Beleaguered horse racing chiefs in Scotland have been handed a much-needed boost after the Scottish government announced the details of a £2 million rescue package.
Nicola Sturgeon has confirmed £55 million in emergency funding for sports north of the border, with football pocketing a large chunk of the kitty at £20 million and rugby union a further £10 million.
But the nightmare conditions facing tracks like Ayr, Musselburgh and Kelso, where small crowds of up to 300 people are only allowed in level one areas, have seen gate revenue all but dry up – casting a shadow over the very future of the racecourses.
And so the governmental rescue package is a welcome boost that will stave off disaster, for now at least, until the pandemic is wrestled under control.

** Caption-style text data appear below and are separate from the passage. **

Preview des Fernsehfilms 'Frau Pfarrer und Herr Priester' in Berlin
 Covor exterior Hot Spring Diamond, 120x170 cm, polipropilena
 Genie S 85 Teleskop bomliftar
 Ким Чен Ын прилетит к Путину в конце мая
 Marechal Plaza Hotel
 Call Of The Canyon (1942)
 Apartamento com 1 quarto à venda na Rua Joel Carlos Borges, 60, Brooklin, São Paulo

The funding will take the form of both grants and loans, and has been described by Delly Innes, Scottish Racing manager, as ‘absolutely vital’.
“As Scottish racecourses continue to race behind closed doors, this financial support is not only very welcome, but absolutely vital for everyone in our sport,” Innes said.
“We’re delighted the Scottish government has recognised the sport’s importance and the potentially devastating financial implications the pandemic has had on the industry.
“We’ll continue to work closely with them [government ministers] to return crowds to tracks as soon as possible.”
According to the calculations of Scottish Racing, the five racecourses in the country – the three named above, plus Hamilton Park and Perth – will have collectively lost more than £12 million should the tracks remain without crowds until the spring, and that represents more than half of their annual revenue.
Falling in Line
Better late than never, as the old saying goes, and Scottish racing officials will be breathing a sigh of relief after their governmental ministers finally came through with a concrete financial plan.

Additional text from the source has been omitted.